829543 - Refactor hintCharset from nsDocumentViewer to reloadCharset on docshell

Assignee

Description

•

13 years ago

We have a couple of mystery properties on nsIMarkupDocumentViewer: hintCharacterSet and hintCharacterSetSource. We should get someone to investigate what they are for and why. If they are useless, they should be removed. If they are useful, they should be properly documented in nsIMarkupDocumentViewer.idl.

Henri Sivonen (:hsivonen)

Assignee

Comment 1

•

13 years ago

Also forceCharacterSet.

Henri Sivonen (:hsivonen)

Assignee

Comment 2

•

13 years ago

Argh. These are used by comm-central: /editor/ui/composer/content/editingOverlay.js (View Hg log or Hg annotations) line 122 -- contentViewer.forceCharacterSet = aCharset; /mailnews/base/src/nsMsgPrintEngine.cpp (View Hg log or Hg annotations) line 522 -- muDV->SetForceCharacterSet(NS_LITERAL_CSTRING("UTF-8")); /mailnews/compose/src/nsMsgCompose.cpp (View Hg log or Hg annotations) line 1578 -- NS_ENSURE_SUCCESS(markupCV->SetForceCharacterSet(msgCharSet), NS_ERROR_FAILURE); /mailnews/base/src/nsMessenger.cpp (View Hg log or Hg annotations) line 307 -- muDV->SetHintCharacterSet(aCharset); line 308 -- muDV->SetHintCharacterSetSource(kCharsetFromMetaTag);

Jonathan Protzenko [:protz]

Comment 3

•

13 years ago

This is also used by all other extensions that wish to display a message themselves. In Thunderbird Conversations, I'm doing a weird dance to have the message display properly: let cv = iframe.docShell.contentViewer; cv.QueryInterface(Ci.nsIMarkupDocumentViewer); cv.hintCharacterSet = "UTF-8"; cv.hintCharacterSetSource = kCharsetFromChannel; (before streaming a given message into the iframe). I believe that: 1) kCharsetFromMetaTag is incorrect; in Thunderbird Conversations I figured that out quite some time ago, and changed it to kCharsetFromChannel (see bug 594646 which is about precisely fixing that) 2) this is pretty ugly (as you already stated :)); any code that removes this would make me immensely happy.
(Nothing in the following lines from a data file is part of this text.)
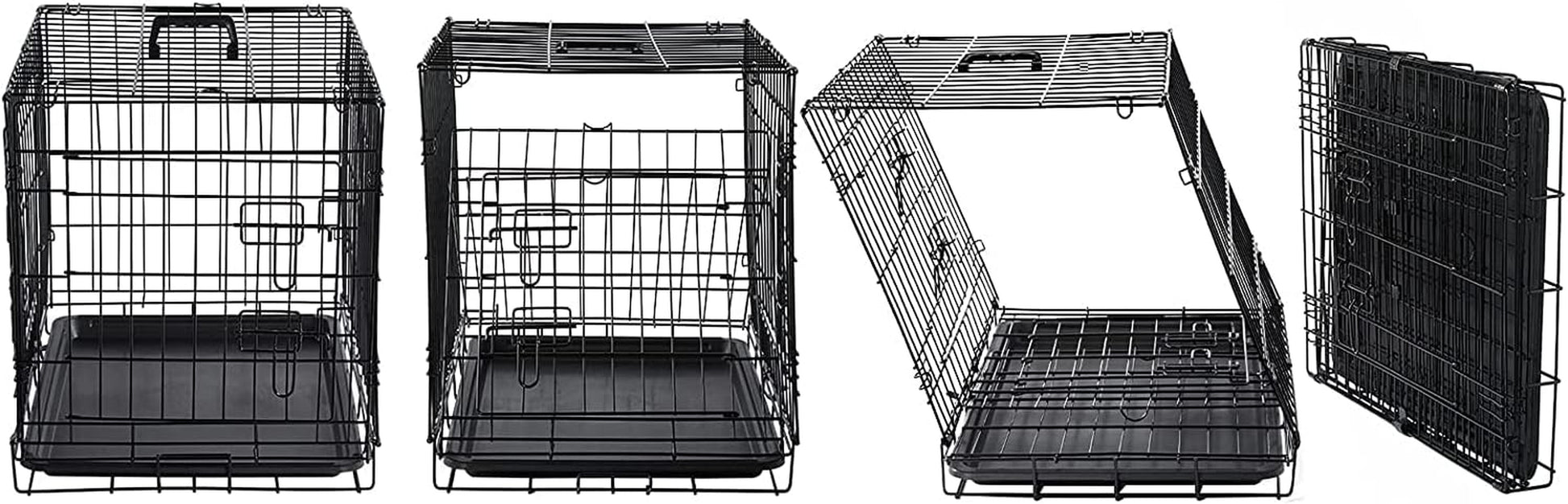 DONORO Dog Crates for Small Size Dogs Indoor Double Door Dog Kennels & Houses for Puppy and Cats, Collapsible Metal Contour Dog Cages (Black, 24.0" L X 18.0" W X 20.0" H)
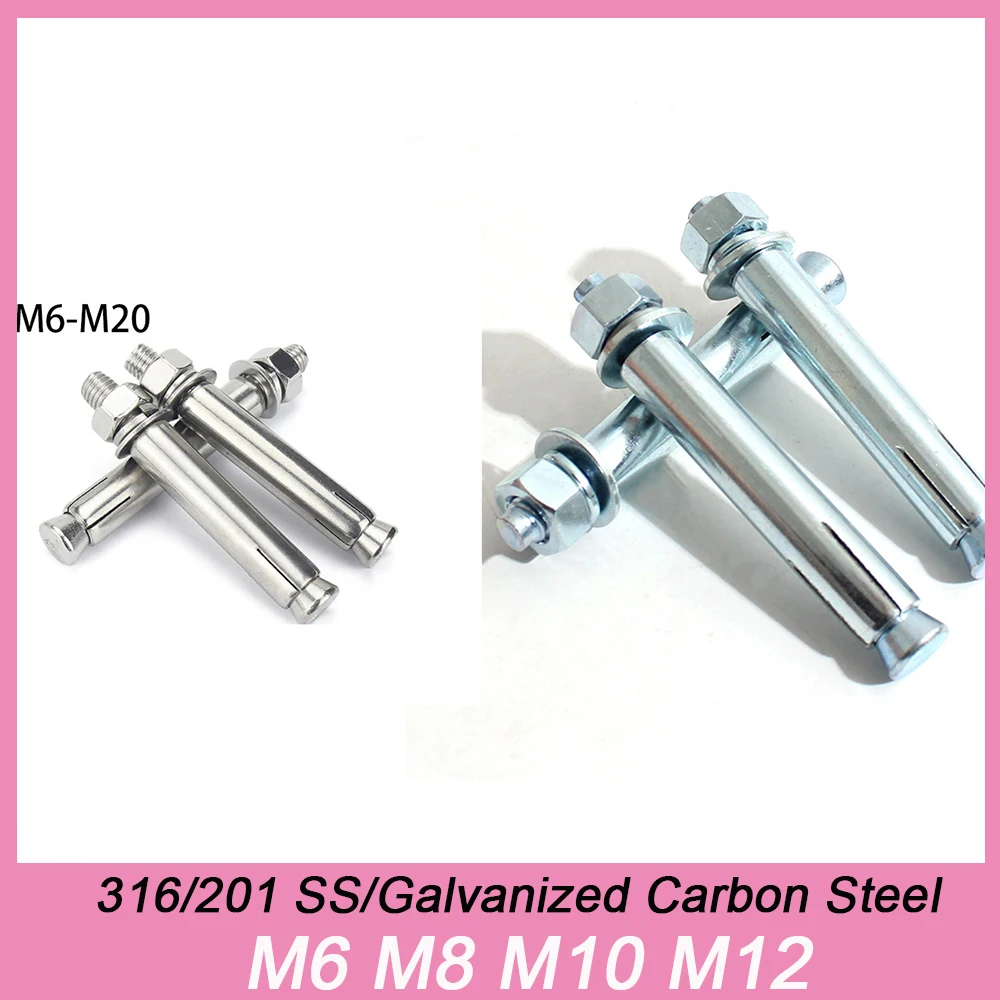 316/201 SS/Galvanized Carbon Steel M6 M8 M10 M12 Internal Expansion Screw Hexagonal Expansion Screw Sleeve Concrete Anchor Bolt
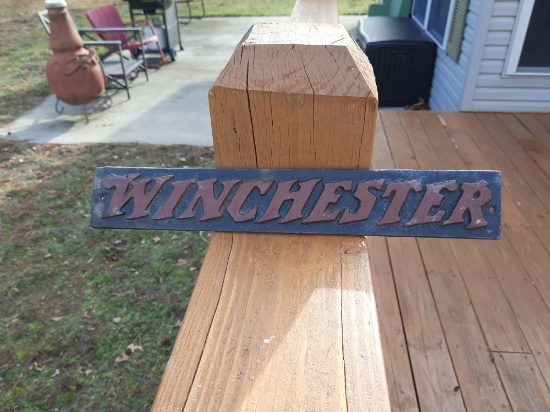 Cast Iron Winchester Gun Rifle Advertising Sign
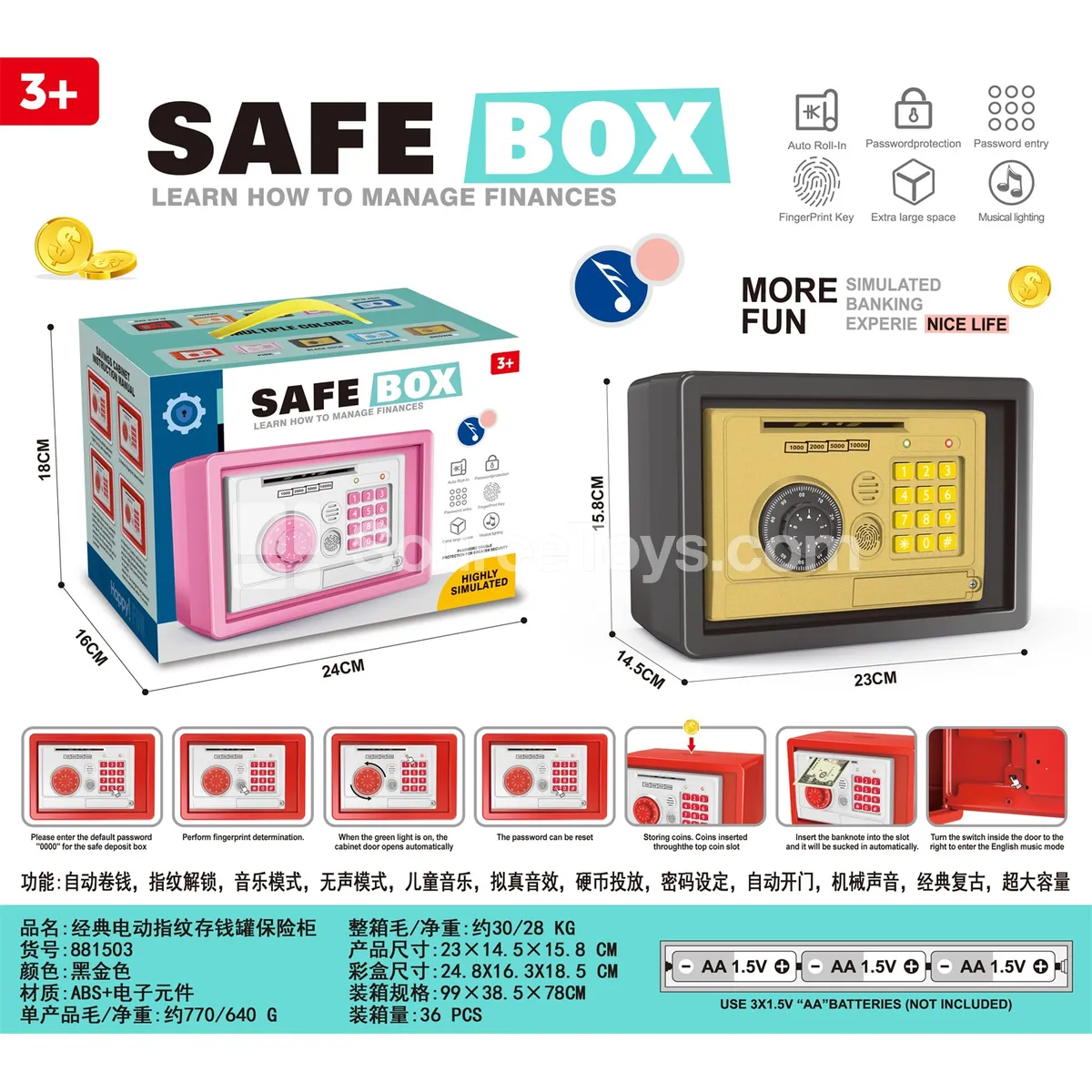 Electric Fingerprint Piggy Bank Safe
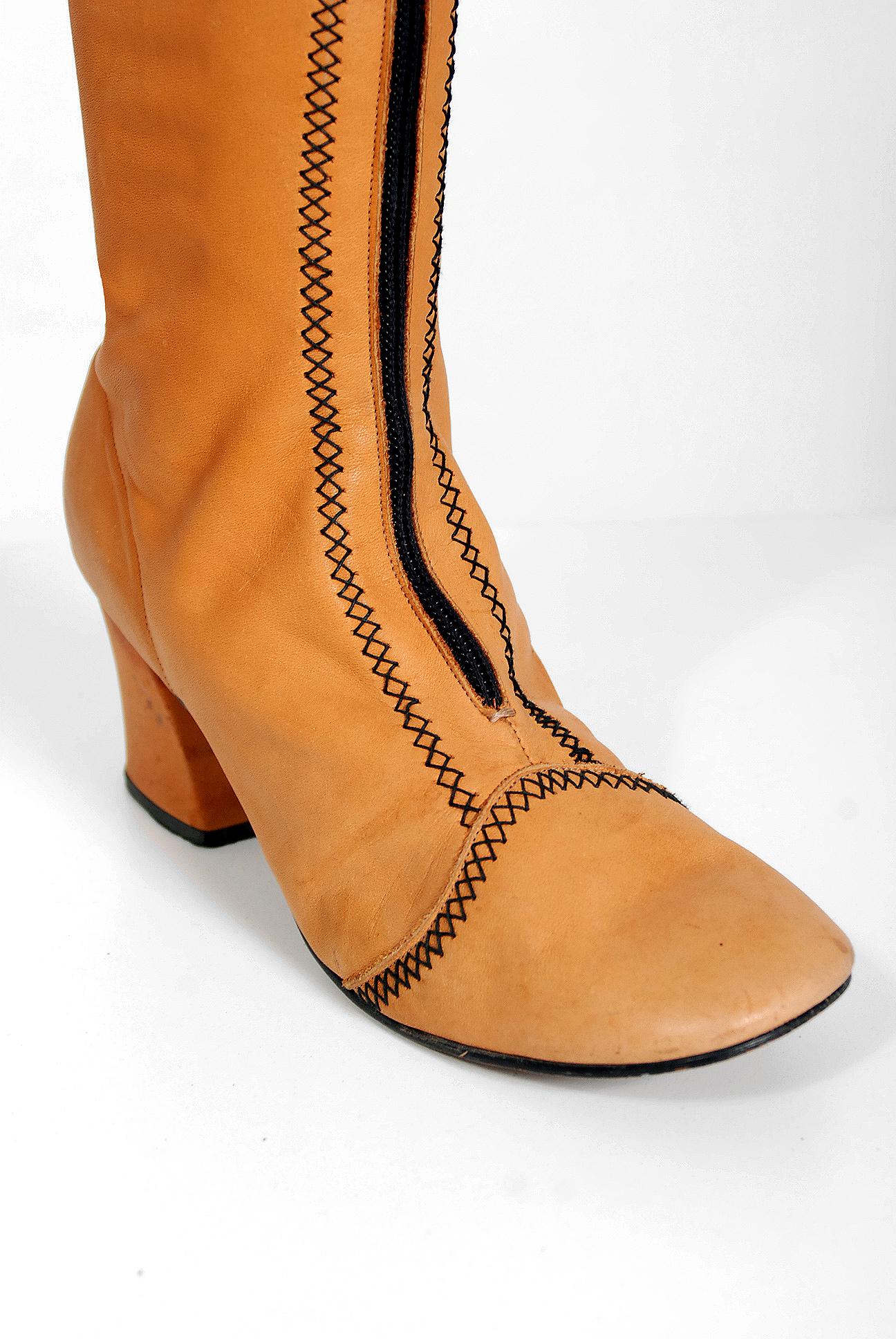 Vintage 1970's Tan Brown Leather Wide-Cuff Knee High Bohemian Pirate Boots   In Good Condition In Beverly Hills, CA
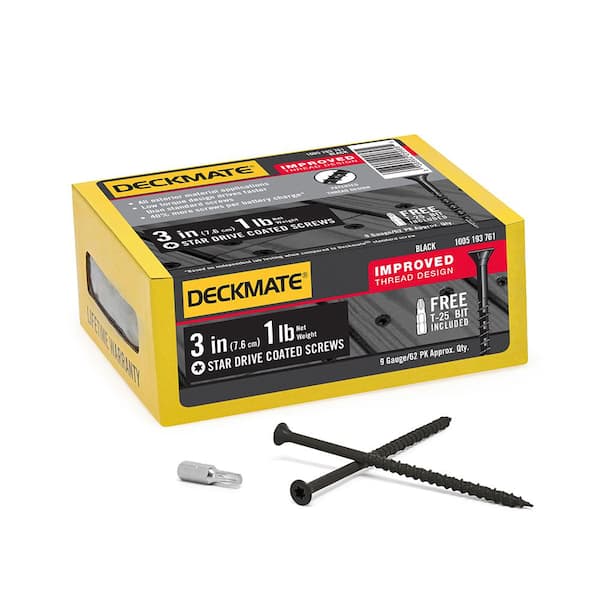 #9 x 3 in. Black Exterior Self-Starting Star Drive Flat Head Deck Screw 1 lb.-Box (73-Piece)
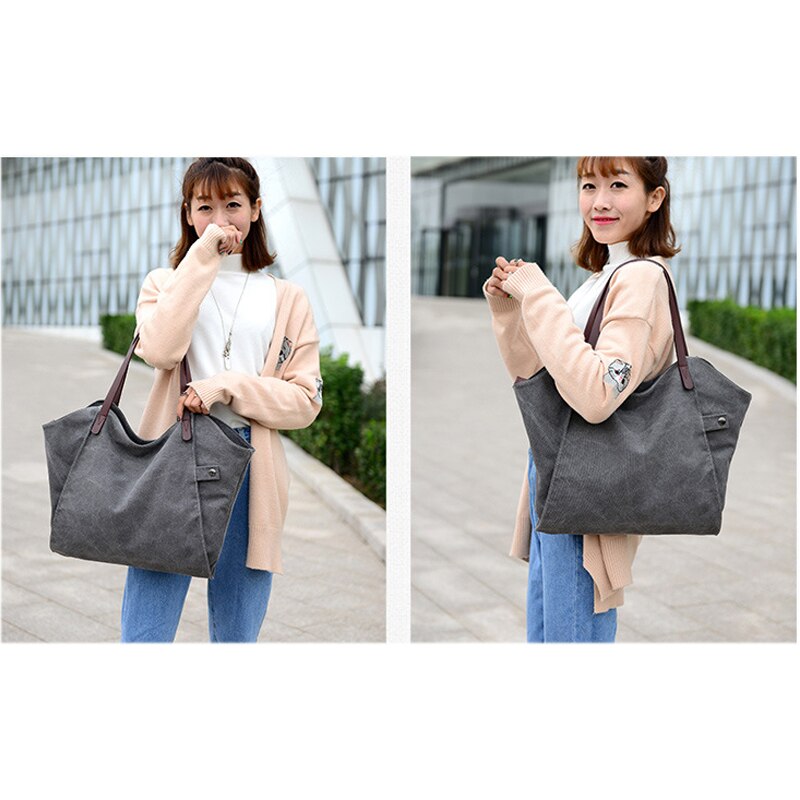 Women Canvas Shoulder Tote Bag Casual Simple Style Daily Bag Handbag - ebowsos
From what I recall, the code responsible for decoding a message is in the infamous libmime, and libmime outputs UTF-8 already. The code responsible for briding libmime and the rest of the streaming process is in mailnews/mime/src/mimemoz2.cpp and the code that makes sure libmime outputs utf8 is apparently in comi18n.cpp ; mime_convert_charset in mimemoz2.cpp seems interesting. If we could just add the right calls in mimemoz2.cpp so that they output a BOM and remove all this nonsense altogether, that would be a big win.

Josh Yuan

Comment 4

•

13 years ago

Hello there, My friend and I are interested in helping out. Is this bug still active? If so, where/how do we begin? Thanks.

Henri Sivonen (:hsivonen)

Assignee

Comment 5

•

13 years ago

(In reply to Josh Yuan from comment #4) > My friend and I are interested in helping out. Is this bug still active? > If so, where/how do we begin? Please see the comment previous to yours.

Rahul Gandhi

Comment 6

•

12 years ago

Hello sir, I wants to work on this bug. I have read all the comments and i am interested working on this project

Tony Mechelynck [:tonymec]

Comment 7

•

12 years ago

In reply to comment #3: Maybe I'm just clueless but what about the code (in mailnews and in Composer) which _sends_ a message or a page in a given charset? In any case, IMO there's no such thing as too detailed documentation (as long as it is accurate, of course).

Henri Sivonen (:hsivonen)

Assignee

Comment 8

•

12 years ago

(In reply to Rahul Gandhi from comment #6) > I wants to work on this bug. I have read all the comments and i am > interested working on this project Please go ahead. It appears that this is not being actively worked on by someone else. (In reply to Tony Mechelynck [:tonymec] from comment #7) > In reply to comment #3: Maybe I'm just clueless but what about the code (in > mailnews and in Composer) which _sends_ a message or a page in a given > charset? Does mailnews control serializer charset by forcing the docshell charset? If it was up to me, I'd make Composer always output UTF-8. Also, one has to wonder why mailnews couldn't always send UTF-8 these days. It's not like the ability to read UTF-8 at the other end is a super-new thing.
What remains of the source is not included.